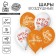 Air ball 12 "" Knowledge Day ", 5 pcs.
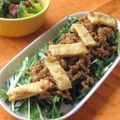 jelwee's cooksnap of when they made ☆水菜と挽肉のサラダ☆.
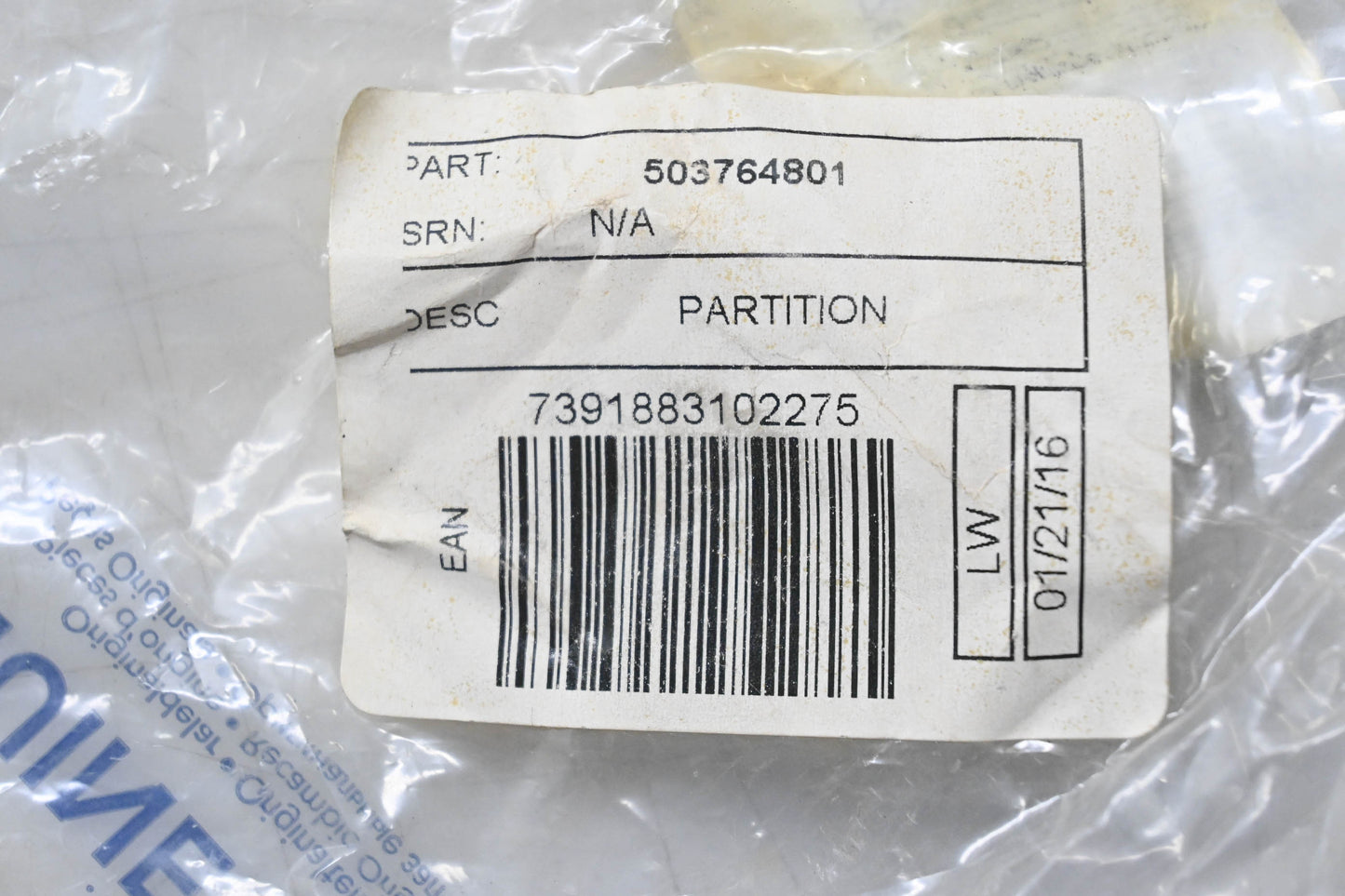New OEM Husqvarna 503 76 48-01, 503764801 Partition NOS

TASK TO CARRY OUT:
Once the pictures are set aside, repeat the data above exactly as written.

EXERCISE SOLUTION:
 Air ball 12 "" Knowledge Day ", 5 pcs.
 jelwee's cooksnap of when they made ☆水菜と挽肉のサラダ☆.
New OEM Husqvarna 503 76 48-01, 503764801 Partition NOS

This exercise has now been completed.